今回様々な美術館を巡ったのですが、ブリューゲルはパッと見てすぐ分かるので、「あっブリューゲルだ!」と思ったら違っていた・・・といった作品が幾つかありました。
あの広い画角に沢山の人たちがいる感じは、ブリューゲルが元祖なのか、ブリューゲルも当時の流行にのったのか、どちらなのでしょうね。
- kawausoimokoさん からの返信 2024/04/12 16:00:57
- RE: 勉強になりました
- pippo77 様
旅行記をお読みいただき、ありがとうございます。
ボケ防止(いや既にボケを感じておりますので進行抑止)のために、現役時代に各地で買い求めた積読本を読みながら楽しんで書いておりますので、もし勘違いや誤りがございましたらご容赦ください。

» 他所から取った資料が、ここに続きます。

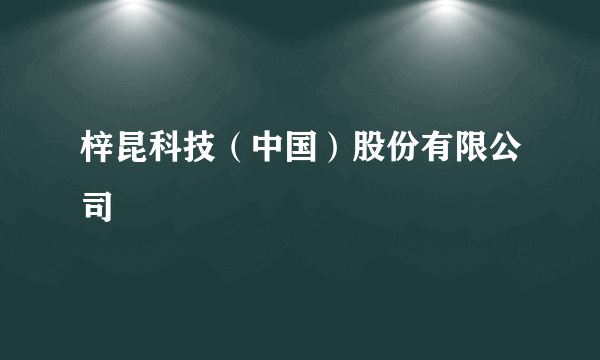 梓昆科技（中国）股份有限公司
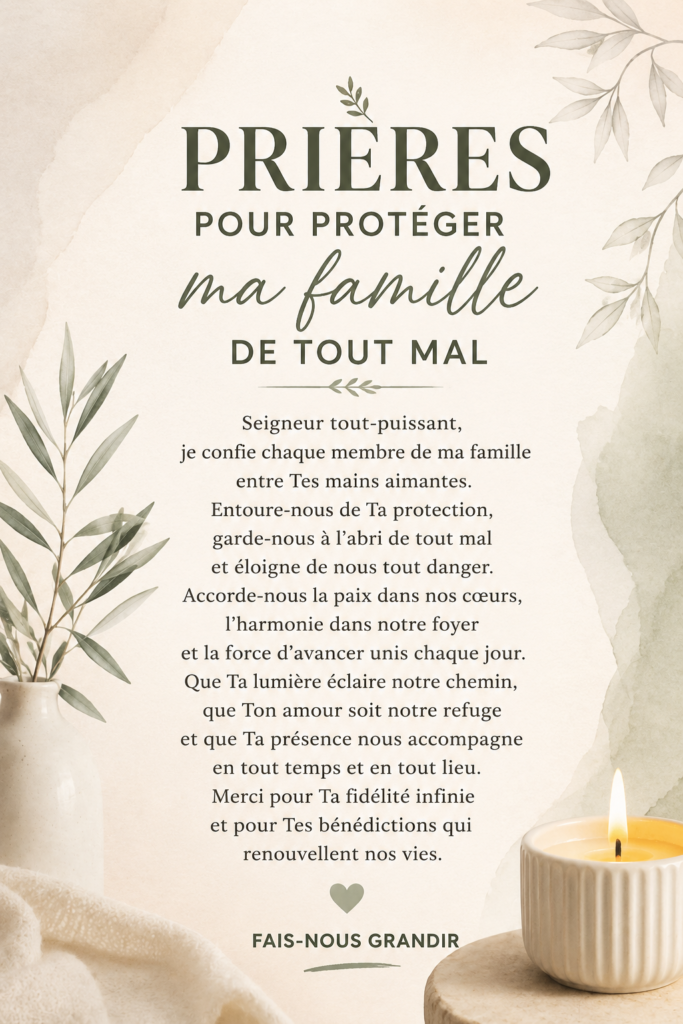 Une femme méditant en priant pour la sécurité de sa famille.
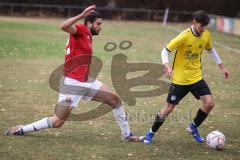A-Klasse -  Saison 2026/27 - TSV Unsernherrn - FC Wackerstein/Dünzing - Yasir Celebi gelb Wackerstein/Dünzing - Fedi Ammar rot Unsernherrn - Foto: Meyer Jürgen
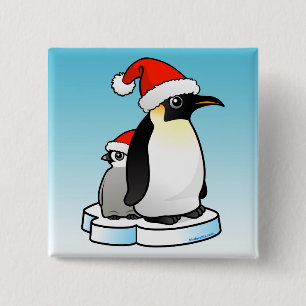 Santa kejsarepingvin knapp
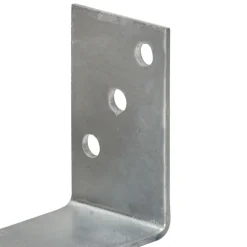 vidaXL Grondankers 6 st 8x6x30 cm gegalvaniseerd staal zilverkleurig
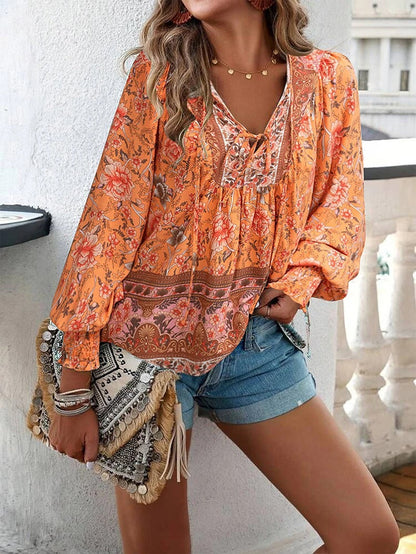 Helena™ - Blusa con Estampado de Flores para Verano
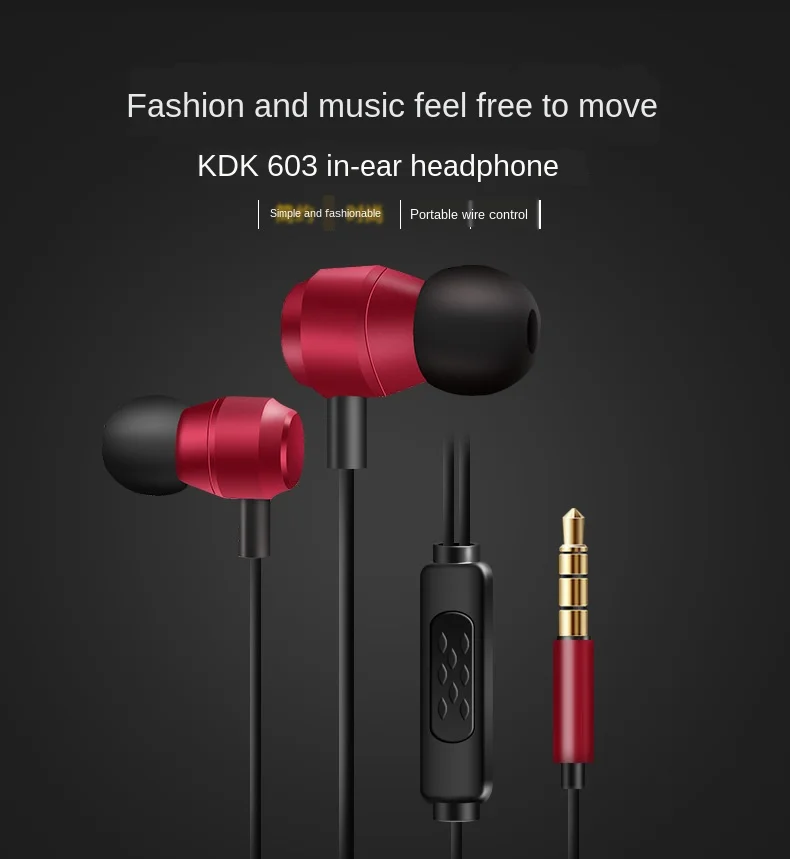 2020 novi 3,5 mm u uhu stereo slušalice metal Sport bas slušalice doček glazbena slušalice Slika 3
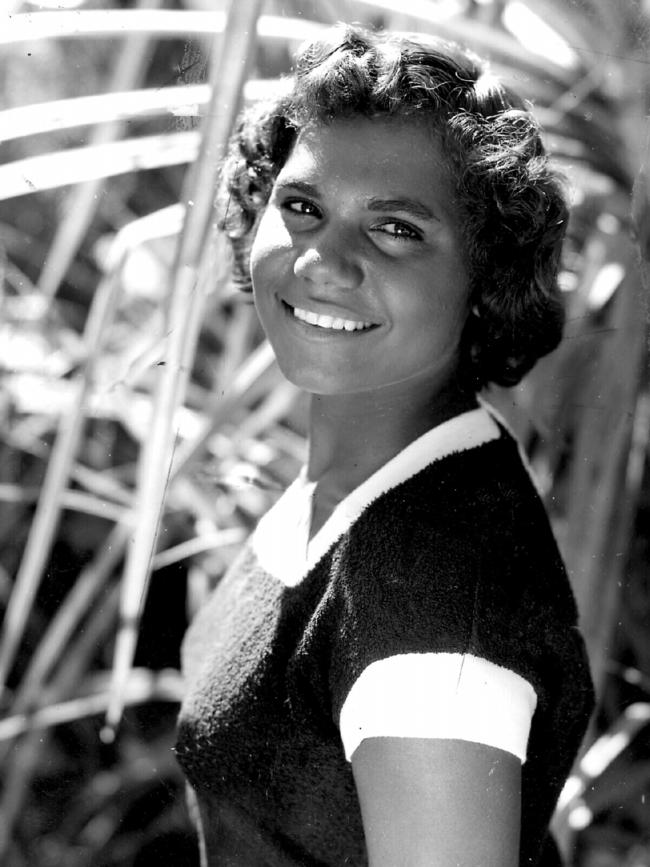 A young Rosalie Kunoth-Monks in scene from the 1955 film Jedda.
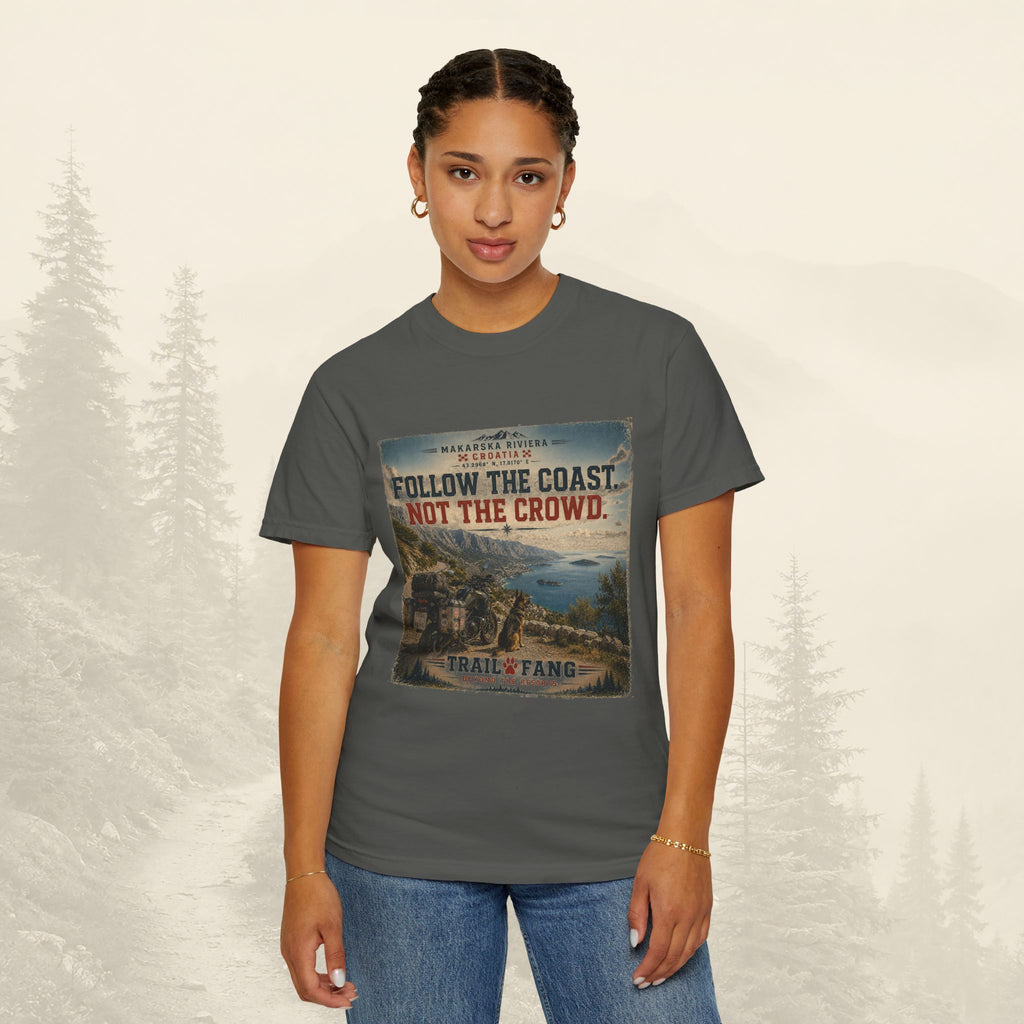 T-shirt "Suivez la côte, pas la foule"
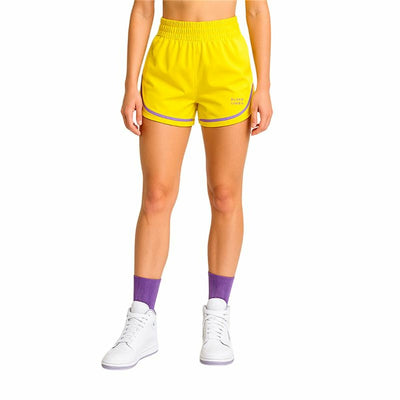 Calções de Desporto Black Limba Black Limba Boxwear Mujer Amarelo Mulher Fitness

記載した内容の出典元を文末に記すことも考えましたが、これ以上冗長にするのも如何なものかと思い、控えております。
> あの広い画角に沢山の人たちがいる感じは、ブリューゲルが元祖なのか、ブリューゲルも当時の流行にのったのか、どちらなのでしょうね。
↓
画面内に様々な人々の様子を描き込んだ群衆構図は、イタリア・ルネサンスではフランチェスコ・デル・コッサやピエロ・ディ・コジモなどが思い浮かびますが、やはり北方絵画で一番近いのは、ヒエロニムス・ボスの三連祭壇画「『快楽の園」ではないでしょうか。
ピーター・ブリューゲルがヒエロニムス・ボスから受けたとみられる影響については様々な解説情報がありますが、その中から「群衆構図」を題材にして勉強してみるのも面白そうですね。
ボスとブリューゲルは謎の多い画家なので、一度沼にハマると中々這い上がれなくなります。
何かお判りになりましたら、是非教えてください。よろしくお願いします。